Then an unwanted visitor showed up: A casino barge, flung loose by Hurricane Katrina, landed atop a building. The facility was in shambles.
And Knight Foundation announced it will help complete the most significant structure, the gallery that exhibits Ohr's work. The building, made up of four 'pods' mirroring the twisted shape of Ohr's sculpture, will be named the John S. and James L. Knight Gallery.
From Bilbao to Los Angeles, Gehry's work has shown time and again the power of architecture to transform communities. The museum, bound to become a cultural draw for Mississippi, should be no exception.
As Knight Foundation's Dennis Scholl said as he made the announcement in Biloxi Thursday night: "The museum is the new benchmark for how to engage an audience on their own terms, allowing them to curate their own experience. Visitors to the Ohr-O'Keefe can choose to visit only the ceramics studio, and take a ceramics class. Or to come and visit the latest exhibit on Japanese pottery. Either way, it's up to the visitor to choose, a new and evolving idea."

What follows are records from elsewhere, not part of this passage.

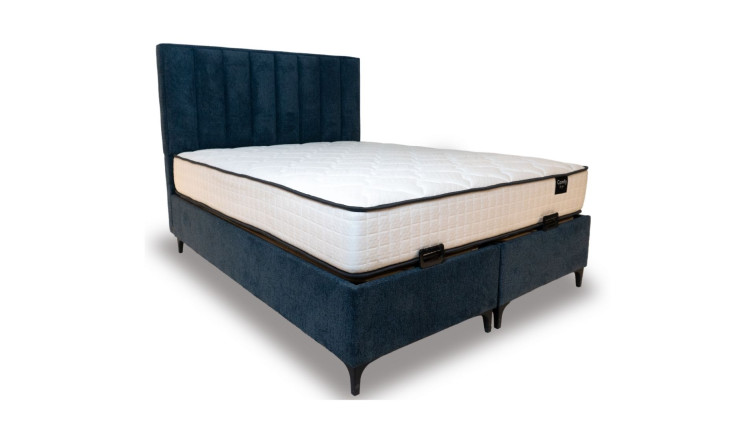 საწოლი სათავსოთი Lotus Dark Blue 180/200 – საწოლი სათავსოთი 180x200 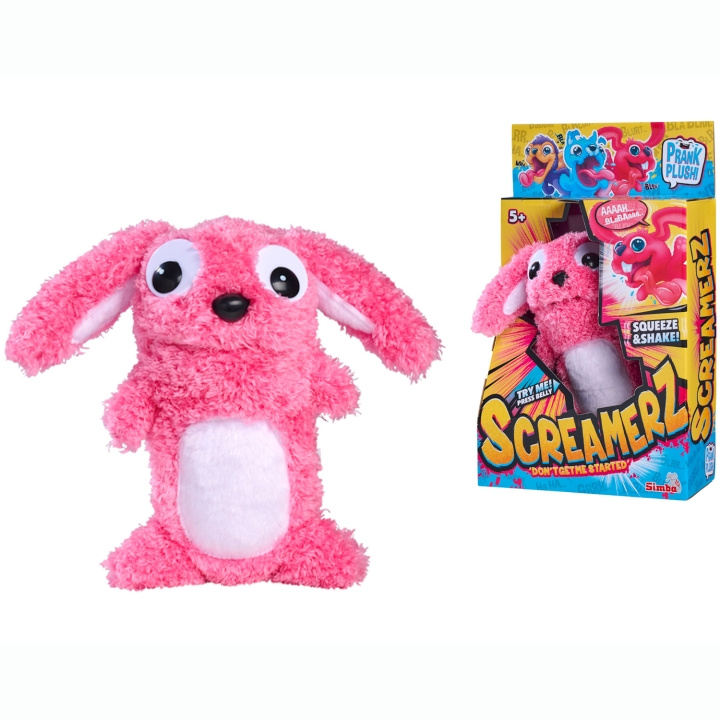 Simba Toys ScreamerZ Kanin (30 cm) i gruppen LEKSAKER, BARN- & BABYPRODUKTER / Babyleksaker / Gosedjur hos TP E-commerce Nordic AB (C81541)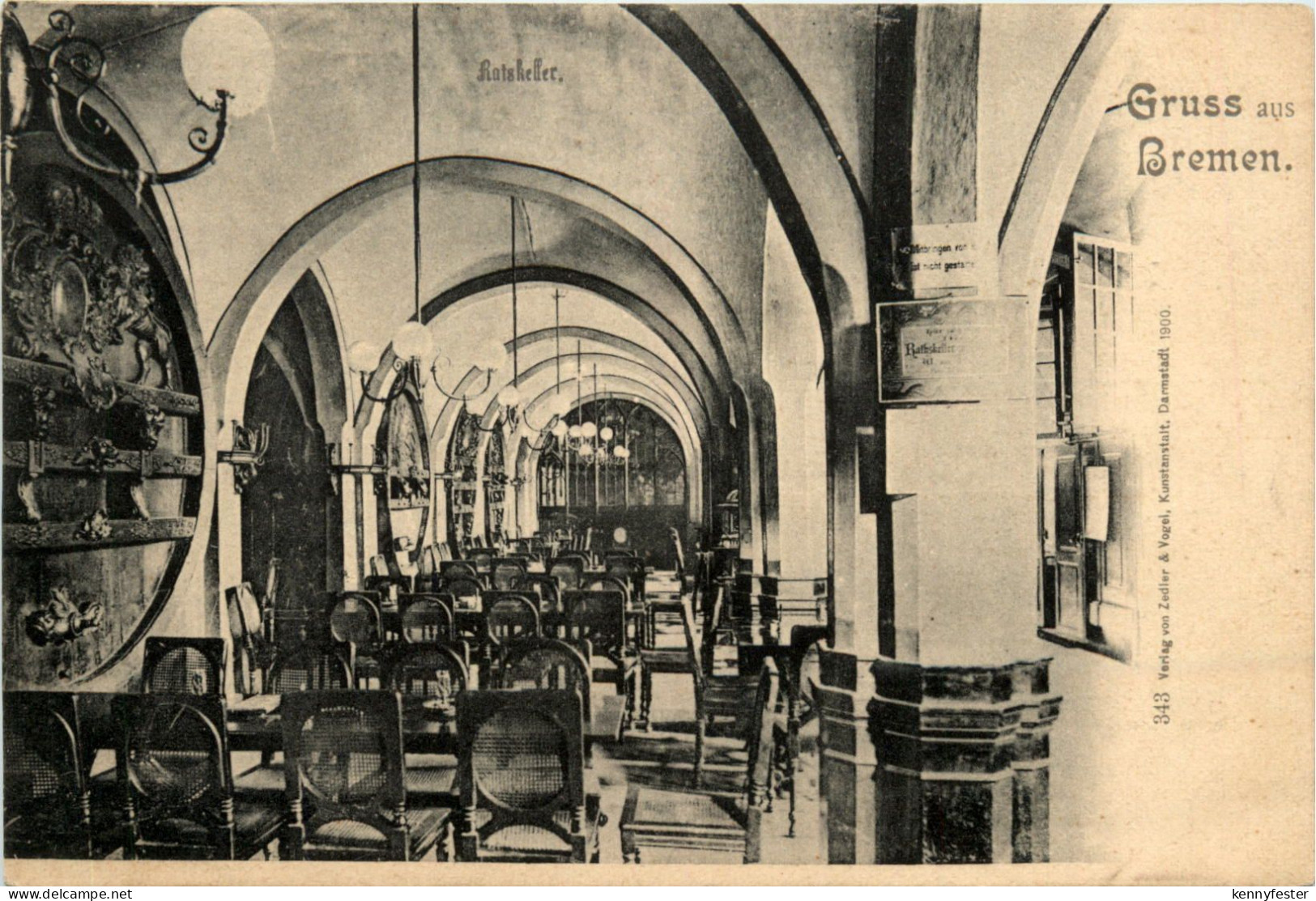 Bremen, Ratskeller zu Bremen, Westlicher Flügel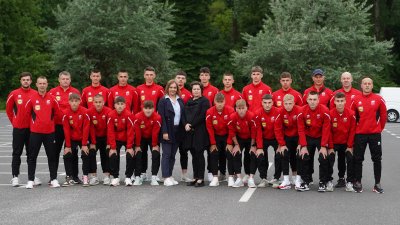 FOTO Hrvatska školska nogometna reprezentacija otputovala u Kinu na ISF Svjetsko nogometno prvenstvo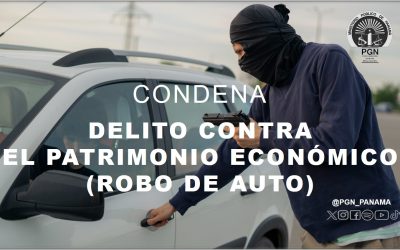 Condenado a 7 años de prisión por robo de auto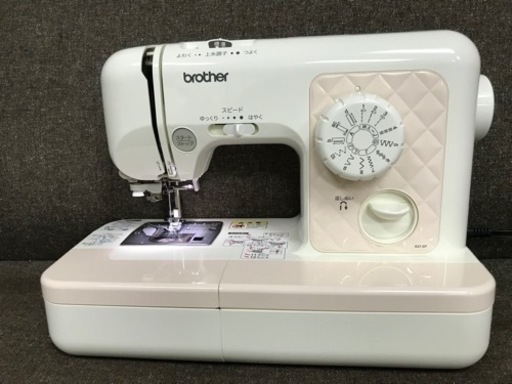 brother家庭用コンパクトミシンA37-SP 中古整備品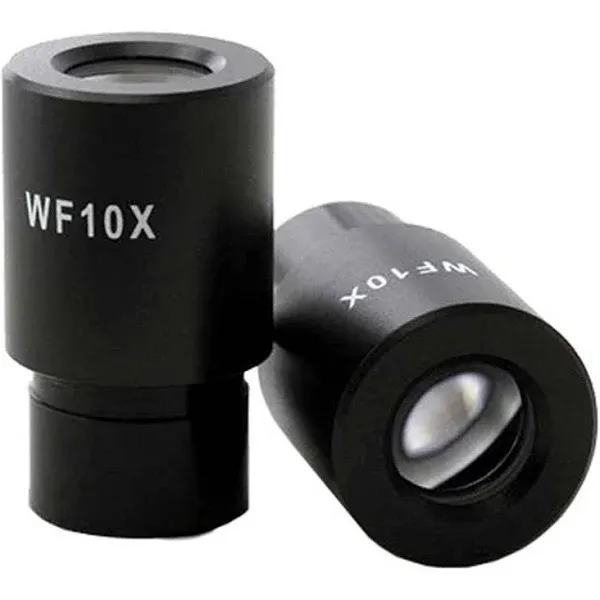 Amscope EP10X23 Pair of WF10x Microscope Eyepieces (23mm)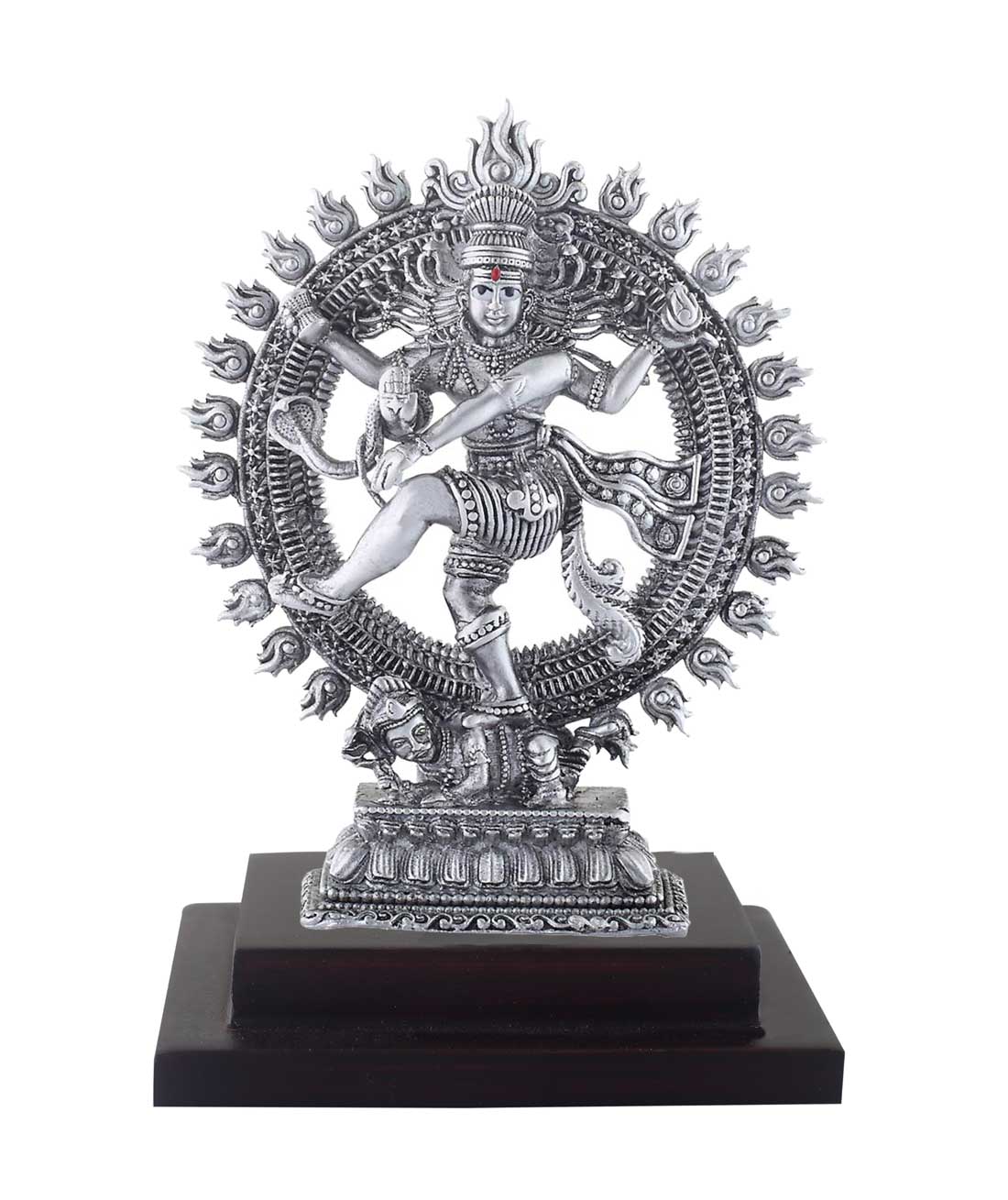 natraj-on-wooden-base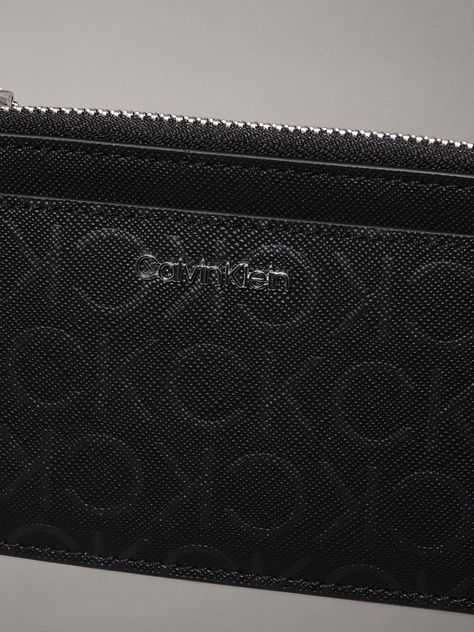 Tarjetero CK Must Mono Negro Calvin Klein-3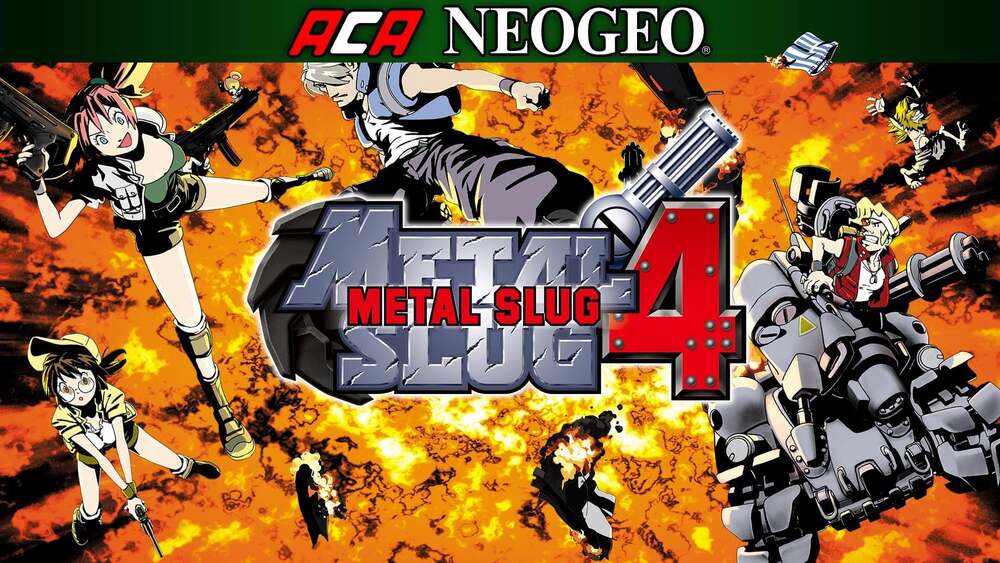 METAL SLUG 4 Achievement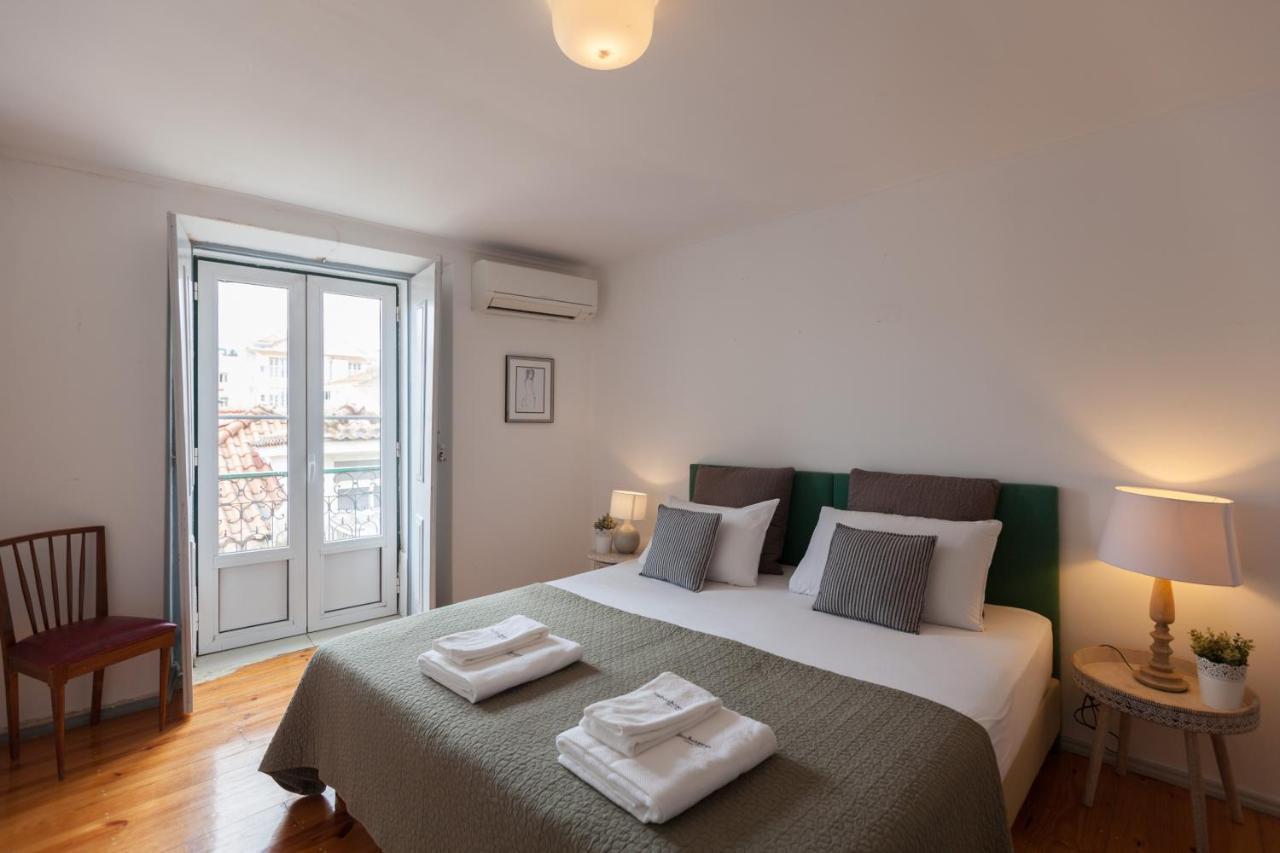 Ferienwohnung Flh Bairro Alto Bright Flat Lissabon Exterior foto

It's a fitting tribute to George Ohr, a free spirit who called himself the Mad Potter of Biloxi. He dug his own clay from the Tchoutacabouffa River, is known for the paper-thin walls in his work, and having a great influence on 20th and 21st century American pottery.
He also had a sense of his value to the art world ' which he didn't keep secret, the Sun Herald reported.
'Someday, they will build a temple in my honor,' the paper said he told folks.